**TASK BRIEF**
Reproduce exactly the span of lines that opens with the line containing "Beige fabric reading" and closes with the last line of the entries below.

**Brief descriptive captions**
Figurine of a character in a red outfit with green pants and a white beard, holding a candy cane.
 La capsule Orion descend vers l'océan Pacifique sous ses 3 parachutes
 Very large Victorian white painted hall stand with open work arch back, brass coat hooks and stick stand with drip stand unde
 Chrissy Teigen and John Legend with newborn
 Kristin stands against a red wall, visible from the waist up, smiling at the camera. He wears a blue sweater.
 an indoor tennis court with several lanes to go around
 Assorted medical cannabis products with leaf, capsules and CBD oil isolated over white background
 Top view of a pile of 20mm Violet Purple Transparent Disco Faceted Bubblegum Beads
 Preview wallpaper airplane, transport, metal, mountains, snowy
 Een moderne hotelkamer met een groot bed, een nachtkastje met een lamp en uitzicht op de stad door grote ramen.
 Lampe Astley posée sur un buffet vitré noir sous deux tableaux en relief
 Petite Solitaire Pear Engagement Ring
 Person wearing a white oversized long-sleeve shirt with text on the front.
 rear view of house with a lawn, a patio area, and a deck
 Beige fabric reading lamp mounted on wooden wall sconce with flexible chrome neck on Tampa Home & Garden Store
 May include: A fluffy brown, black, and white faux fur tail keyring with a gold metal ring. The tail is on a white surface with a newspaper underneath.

**SOLUTION TO THIS TASK**
 Beige fabric reading lamp mounted on wooden wall sconce with flexible chrome neck on Tampa Home & Garden Store
 May include: A fluffy brown, black, and white faux fur tail keyring with a gold metal ring. The tail is on a white surface with a newspaper underneath.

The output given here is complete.